[Data for processing — start]
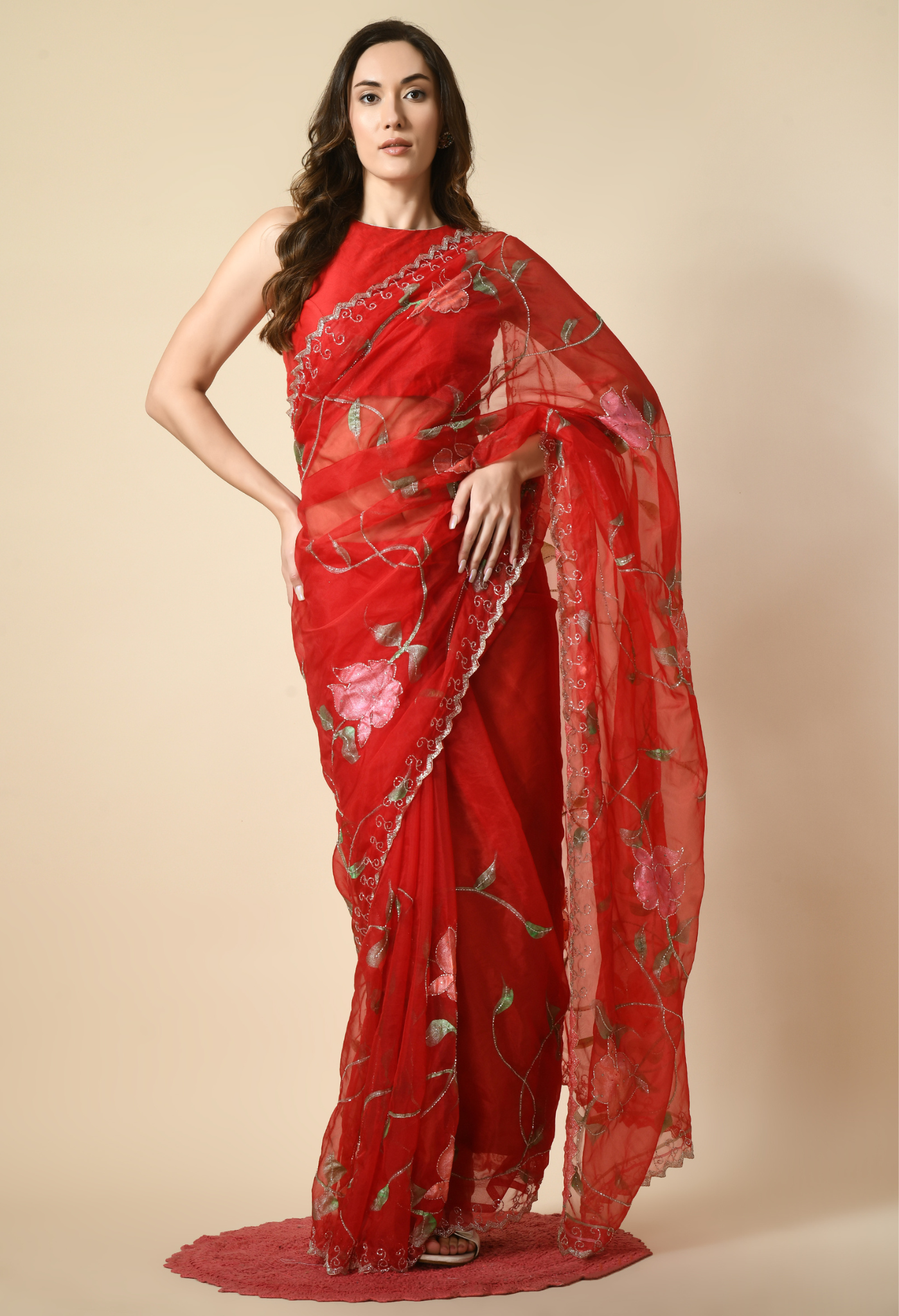 All Shimmer Hand Painted Organza Saree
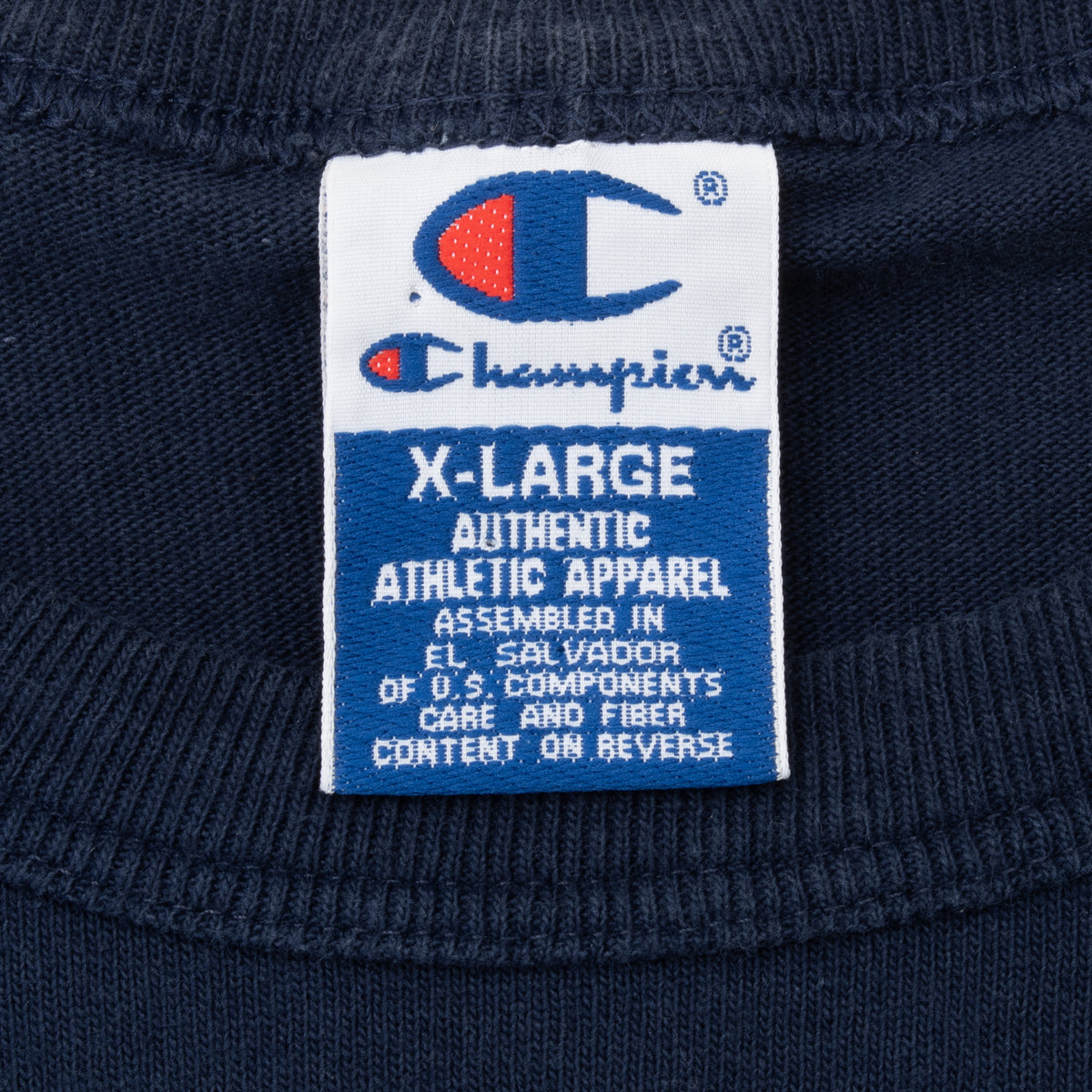 Champion X-Large neck tag on navy Atlanta Olympics tee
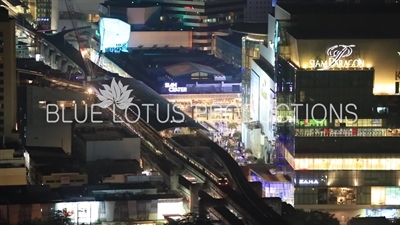 BTS Train Arriving at Siam Station in Bangkok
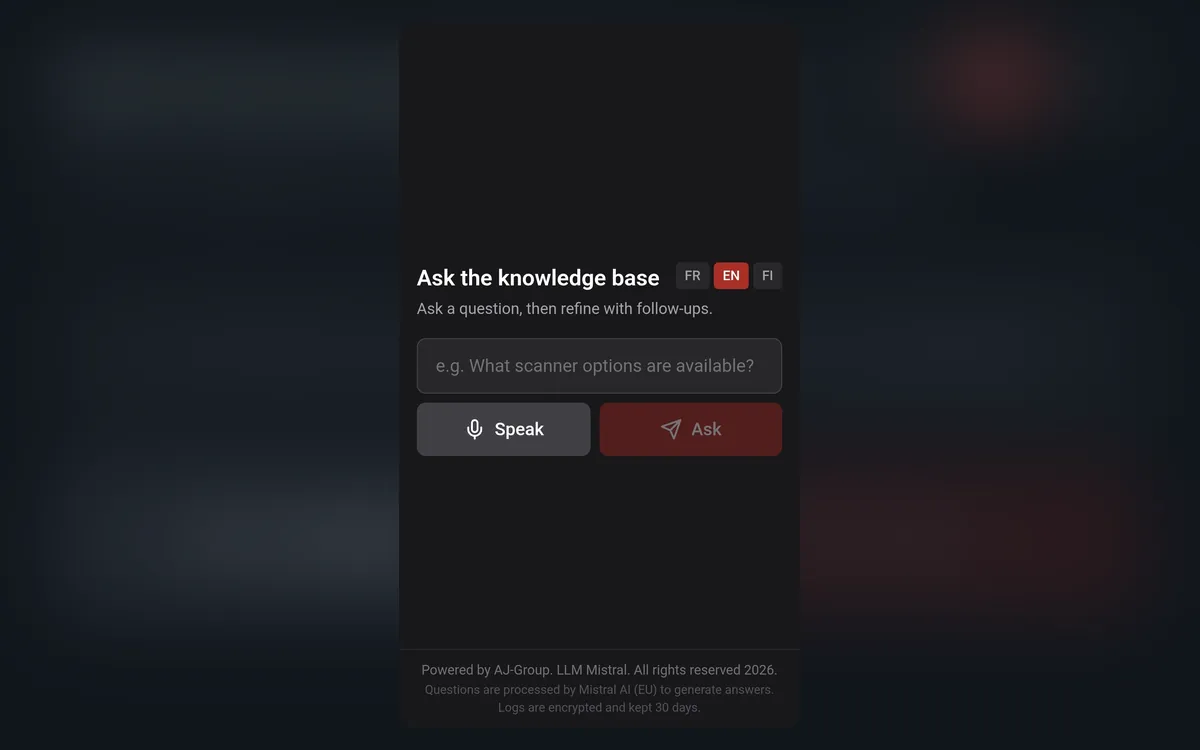 The question box, with buttons to ask by voice or by typing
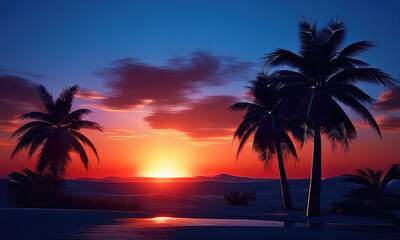 Naklejka premium silhouette of palm trees against a summer sunset background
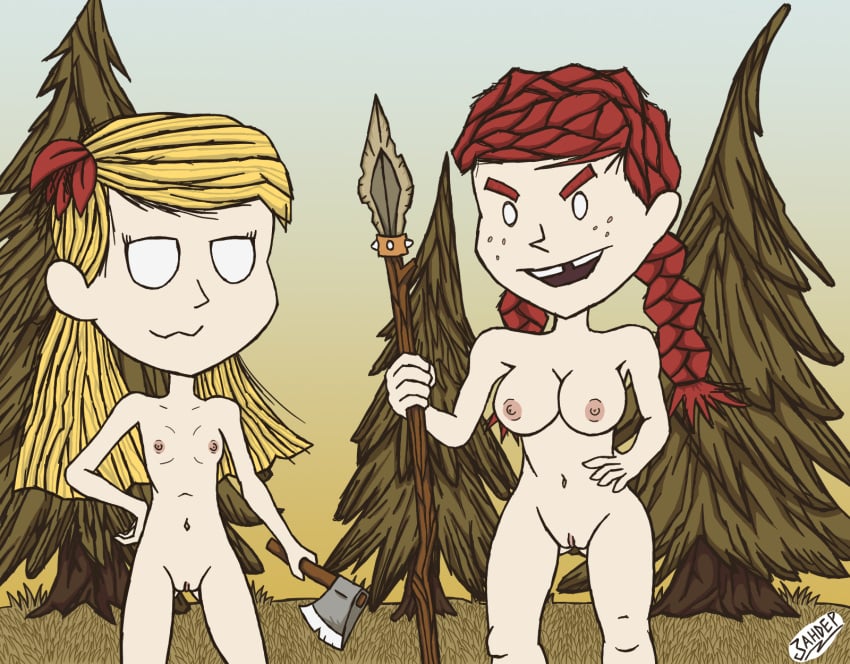 2girls :3 bare_breasts blonde_hair breasts color completely_naked completely_naked_female completely_nude completely_nude_female don't_starve don't_starve_together dont_starve dont_starve_together eyebrows female female_focus female_only flat_chest flower flower_in_hair forest_background human human_female human_focus human_only klei_entertainment multiple_girls naked naked_female nipples no_bra no_clothes no_panties nude nude_female pussy red_hair smile smiley_face smiling standing tools uwu vagina wendy_(don't_starve) wigfrid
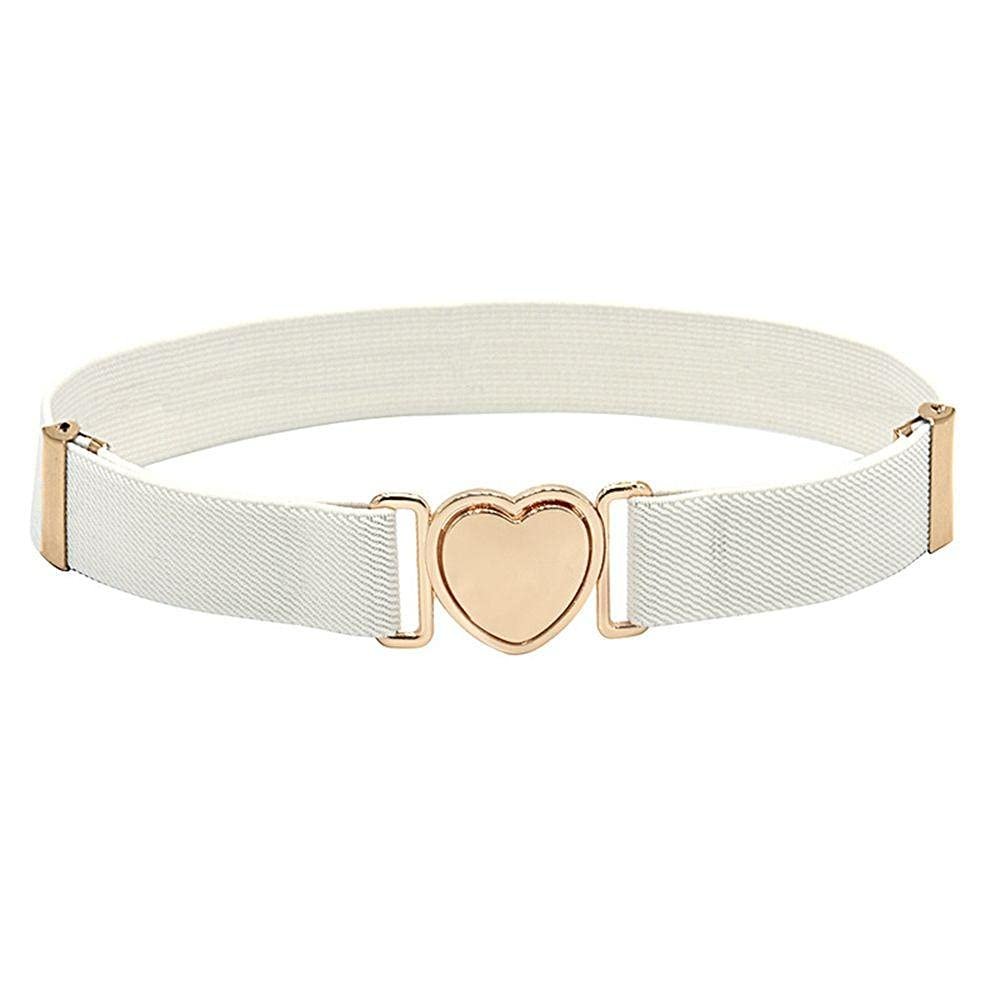 WEISHA Children Stretch Belts Girls Multicolor Punch-free Waistband Adjustable Elastic Waist Belts with Heart Shape Buckle for Uniform Dress(white)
[Data for processing — finish]
Instructions for the task: In the listing above, find the line with "Champion X-Large neck" and output it and every line after it up to and including the line with "2girls :3 bare_breasts", exactly, minus the pictures.

Result below:
 Champion X-Large neck tag on navy Atlanta Olympics tee
 BTS Train Arriving at Siam Station in Bangkok
 The question box, with buttons to ask by voice or by typing
 Naklejka premium silhouette of palm trees against a summer sunset background
 2girls :3 bare_breasts blonde_hair breasts color completely_naked completely_naked_female completely_nude completely_nude_female don't_starve don't_starve_together dont_starve dont_starve_together eyebrows female female_focus female_only flat_chest flower flower_in_hair forest_background human human_female human_focus human_only klei_entertainment multiple_girls naked naked_female nipples no_bra no_clothes no_panties nude nude_female pussy red_hair smile smiley_face smiling standing tools uwu vagina wendy_(don't_starve) wigfrid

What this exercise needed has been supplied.